• Your objective: Of the lines listed below, return exactly those that run from the line containing "Skoda Fabia 14.980" through the line containing "Весна демотиваторы смешные", both included.

:: Provided data ::

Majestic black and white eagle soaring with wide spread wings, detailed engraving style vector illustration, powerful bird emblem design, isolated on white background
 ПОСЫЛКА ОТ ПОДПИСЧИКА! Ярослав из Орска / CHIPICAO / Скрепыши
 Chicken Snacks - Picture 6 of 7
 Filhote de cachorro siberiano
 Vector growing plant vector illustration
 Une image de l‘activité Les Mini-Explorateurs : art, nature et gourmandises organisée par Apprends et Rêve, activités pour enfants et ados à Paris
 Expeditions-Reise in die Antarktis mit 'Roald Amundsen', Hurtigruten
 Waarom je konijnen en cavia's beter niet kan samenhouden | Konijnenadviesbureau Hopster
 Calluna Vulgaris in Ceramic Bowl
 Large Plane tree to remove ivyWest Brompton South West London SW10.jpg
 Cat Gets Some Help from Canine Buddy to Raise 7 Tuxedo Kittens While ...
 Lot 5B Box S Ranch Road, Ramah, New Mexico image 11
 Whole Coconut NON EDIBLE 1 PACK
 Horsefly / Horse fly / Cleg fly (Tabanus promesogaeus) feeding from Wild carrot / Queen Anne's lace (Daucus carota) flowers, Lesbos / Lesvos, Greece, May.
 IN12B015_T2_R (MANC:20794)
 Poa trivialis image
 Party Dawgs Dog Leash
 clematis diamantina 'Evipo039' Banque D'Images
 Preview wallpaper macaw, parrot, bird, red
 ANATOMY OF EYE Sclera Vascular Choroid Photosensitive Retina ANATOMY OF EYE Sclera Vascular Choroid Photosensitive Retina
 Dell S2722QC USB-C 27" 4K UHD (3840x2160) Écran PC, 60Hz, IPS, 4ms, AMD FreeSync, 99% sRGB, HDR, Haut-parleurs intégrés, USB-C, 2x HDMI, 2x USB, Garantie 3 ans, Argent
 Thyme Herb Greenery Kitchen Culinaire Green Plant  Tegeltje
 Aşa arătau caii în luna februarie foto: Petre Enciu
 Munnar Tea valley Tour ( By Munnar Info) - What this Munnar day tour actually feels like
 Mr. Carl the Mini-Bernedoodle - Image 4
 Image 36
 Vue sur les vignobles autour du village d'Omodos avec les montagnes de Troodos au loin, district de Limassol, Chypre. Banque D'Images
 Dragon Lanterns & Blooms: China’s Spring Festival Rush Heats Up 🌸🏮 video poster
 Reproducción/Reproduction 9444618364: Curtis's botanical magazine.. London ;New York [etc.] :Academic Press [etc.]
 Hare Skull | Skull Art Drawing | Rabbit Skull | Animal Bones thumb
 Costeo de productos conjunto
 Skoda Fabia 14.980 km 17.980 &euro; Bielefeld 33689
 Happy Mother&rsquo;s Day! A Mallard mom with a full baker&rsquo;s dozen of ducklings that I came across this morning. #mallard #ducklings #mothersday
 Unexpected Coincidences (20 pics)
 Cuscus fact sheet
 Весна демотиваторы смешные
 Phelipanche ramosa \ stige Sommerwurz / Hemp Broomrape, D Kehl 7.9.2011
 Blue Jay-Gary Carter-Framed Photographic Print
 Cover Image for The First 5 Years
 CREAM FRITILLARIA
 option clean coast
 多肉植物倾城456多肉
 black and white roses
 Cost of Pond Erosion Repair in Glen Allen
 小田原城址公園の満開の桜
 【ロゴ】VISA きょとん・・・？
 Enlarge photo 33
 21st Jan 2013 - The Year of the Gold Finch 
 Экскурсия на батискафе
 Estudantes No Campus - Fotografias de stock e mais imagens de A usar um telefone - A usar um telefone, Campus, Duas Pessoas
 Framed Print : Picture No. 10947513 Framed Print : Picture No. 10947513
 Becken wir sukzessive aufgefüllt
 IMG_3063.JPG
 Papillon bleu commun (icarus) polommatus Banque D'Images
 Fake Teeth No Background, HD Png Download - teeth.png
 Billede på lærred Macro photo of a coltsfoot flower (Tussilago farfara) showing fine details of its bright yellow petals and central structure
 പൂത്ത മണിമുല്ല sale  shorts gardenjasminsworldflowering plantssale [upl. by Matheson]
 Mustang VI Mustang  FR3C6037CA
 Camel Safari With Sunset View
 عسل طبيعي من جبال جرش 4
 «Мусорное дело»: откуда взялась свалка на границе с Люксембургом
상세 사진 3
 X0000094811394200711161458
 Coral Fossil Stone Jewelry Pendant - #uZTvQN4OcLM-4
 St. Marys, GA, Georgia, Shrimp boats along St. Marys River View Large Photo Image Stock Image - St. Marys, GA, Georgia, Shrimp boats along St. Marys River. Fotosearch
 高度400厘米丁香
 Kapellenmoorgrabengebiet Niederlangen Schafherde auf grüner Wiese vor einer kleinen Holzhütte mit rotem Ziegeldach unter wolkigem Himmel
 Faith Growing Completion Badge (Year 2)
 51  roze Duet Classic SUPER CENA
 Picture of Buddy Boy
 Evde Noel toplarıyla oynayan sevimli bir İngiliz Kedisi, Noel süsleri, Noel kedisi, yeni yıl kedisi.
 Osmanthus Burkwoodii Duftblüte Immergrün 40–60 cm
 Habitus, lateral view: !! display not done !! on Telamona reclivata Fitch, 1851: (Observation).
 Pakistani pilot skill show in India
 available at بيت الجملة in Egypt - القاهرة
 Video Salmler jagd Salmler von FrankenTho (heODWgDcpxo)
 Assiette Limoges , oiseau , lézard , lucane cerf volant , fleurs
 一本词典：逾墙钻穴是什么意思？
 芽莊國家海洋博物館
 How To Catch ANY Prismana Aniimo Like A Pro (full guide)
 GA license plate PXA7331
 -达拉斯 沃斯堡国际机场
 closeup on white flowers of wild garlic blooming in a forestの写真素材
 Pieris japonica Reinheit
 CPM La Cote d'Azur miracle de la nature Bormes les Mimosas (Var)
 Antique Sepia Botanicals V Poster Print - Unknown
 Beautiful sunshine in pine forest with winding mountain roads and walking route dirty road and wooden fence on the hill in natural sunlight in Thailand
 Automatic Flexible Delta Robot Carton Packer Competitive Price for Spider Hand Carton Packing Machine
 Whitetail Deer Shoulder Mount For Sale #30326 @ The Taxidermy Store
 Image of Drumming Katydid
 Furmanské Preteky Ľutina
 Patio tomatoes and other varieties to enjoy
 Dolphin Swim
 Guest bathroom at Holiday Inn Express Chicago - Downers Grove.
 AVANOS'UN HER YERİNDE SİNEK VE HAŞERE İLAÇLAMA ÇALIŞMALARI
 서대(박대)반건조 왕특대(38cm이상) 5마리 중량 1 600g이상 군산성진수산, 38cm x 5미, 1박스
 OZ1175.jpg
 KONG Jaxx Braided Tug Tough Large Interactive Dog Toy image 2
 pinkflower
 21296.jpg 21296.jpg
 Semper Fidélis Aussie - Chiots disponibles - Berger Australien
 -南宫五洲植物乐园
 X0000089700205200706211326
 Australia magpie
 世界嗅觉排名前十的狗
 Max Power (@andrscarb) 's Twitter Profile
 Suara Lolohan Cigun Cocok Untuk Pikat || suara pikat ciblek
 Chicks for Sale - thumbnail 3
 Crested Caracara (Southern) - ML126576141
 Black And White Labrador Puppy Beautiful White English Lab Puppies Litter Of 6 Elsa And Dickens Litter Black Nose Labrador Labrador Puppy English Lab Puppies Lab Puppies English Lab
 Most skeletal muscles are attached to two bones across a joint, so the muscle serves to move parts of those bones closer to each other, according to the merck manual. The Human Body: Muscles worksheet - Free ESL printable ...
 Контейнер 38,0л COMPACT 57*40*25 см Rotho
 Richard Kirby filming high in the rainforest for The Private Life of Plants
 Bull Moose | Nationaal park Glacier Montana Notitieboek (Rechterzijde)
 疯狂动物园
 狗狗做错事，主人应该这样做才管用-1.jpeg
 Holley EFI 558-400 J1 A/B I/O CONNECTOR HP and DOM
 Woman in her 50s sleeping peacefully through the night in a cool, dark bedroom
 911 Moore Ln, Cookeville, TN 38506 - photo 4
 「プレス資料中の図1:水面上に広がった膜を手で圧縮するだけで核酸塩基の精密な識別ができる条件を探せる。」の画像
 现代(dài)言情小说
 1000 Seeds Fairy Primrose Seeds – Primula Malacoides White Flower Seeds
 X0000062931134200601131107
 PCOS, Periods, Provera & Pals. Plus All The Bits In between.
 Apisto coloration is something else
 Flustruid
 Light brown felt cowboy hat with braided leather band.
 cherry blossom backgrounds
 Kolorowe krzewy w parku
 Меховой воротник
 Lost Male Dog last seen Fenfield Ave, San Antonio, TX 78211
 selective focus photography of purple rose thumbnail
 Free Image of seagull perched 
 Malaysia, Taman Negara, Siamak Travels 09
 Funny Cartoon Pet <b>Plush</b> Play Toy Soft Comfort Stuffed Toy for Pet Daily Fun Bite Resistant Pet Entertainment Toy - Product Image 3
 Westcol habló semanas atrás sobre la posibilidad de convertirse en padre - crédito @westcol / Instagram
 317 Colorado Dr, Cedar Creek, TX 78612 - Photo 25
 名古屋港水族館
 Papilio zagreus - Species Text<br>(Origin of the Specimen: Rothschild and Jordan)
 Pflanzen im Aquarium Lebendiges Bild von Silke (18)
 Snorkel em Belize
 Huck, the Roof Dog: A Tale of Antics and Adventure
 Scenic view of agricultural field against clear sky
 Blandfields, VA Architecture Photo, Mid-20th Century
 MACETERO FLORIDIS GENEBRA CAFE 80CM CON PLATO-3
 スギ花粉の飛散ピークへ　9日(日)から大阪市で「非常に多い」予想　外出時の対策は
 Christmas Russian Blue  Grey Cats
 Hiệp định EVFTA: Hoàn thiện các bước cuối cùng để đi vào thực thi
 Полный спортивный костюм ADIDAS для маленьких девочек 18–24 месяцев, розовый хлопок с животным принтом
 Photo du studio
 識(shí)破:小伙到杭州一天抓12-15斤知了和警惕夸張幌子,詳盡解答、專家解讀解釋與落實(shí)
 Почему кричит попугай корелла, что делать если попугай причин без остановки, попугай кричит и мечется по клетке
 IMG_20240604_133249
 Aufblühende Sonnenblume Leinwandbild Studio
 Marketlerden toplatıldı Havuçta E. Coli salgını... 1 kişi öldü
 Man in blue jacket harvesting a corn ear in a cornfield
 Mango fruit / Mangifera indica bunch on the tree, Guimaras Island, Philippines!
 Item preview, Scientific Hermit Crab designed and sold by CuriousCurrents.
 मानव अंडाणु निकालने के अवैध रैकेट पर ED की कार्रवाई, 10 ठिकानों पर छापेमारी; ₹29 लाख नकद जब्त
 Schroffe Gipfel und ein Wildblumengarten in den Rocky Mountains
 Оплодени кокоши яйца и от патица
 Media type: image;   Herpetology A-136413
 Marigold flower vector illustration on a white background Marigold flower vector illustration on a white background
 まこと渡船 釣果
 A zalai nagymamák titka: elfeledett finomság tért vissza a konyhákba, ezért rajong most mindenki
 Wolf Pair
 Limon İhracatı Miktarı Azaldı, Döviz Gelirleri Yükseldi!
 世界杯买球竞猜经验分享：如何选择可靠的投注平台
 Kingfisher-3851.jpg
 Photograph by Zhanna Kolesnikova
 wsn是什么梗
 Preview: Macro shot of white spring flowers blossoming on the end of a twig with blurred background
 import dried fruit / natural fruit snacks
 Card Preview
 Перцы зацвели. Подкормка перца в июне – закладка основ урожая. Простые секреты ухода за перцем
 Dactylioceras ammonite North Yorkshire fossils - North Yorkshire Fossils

:::

• Exercise solution:
 Skoda Fabia 14.980 km 17.980 &euro; Bielefeld 33689
 Happy Mother&rsquo;s Day! A Mallard mom with a full baker&rsquo;s dozen of ducklings that I came across this morning. #mallard #ducklings #mothersday
 Unexpected Coincidences (20 pics)
 Cuscus fact sheet
 Весна демотиваторы смешные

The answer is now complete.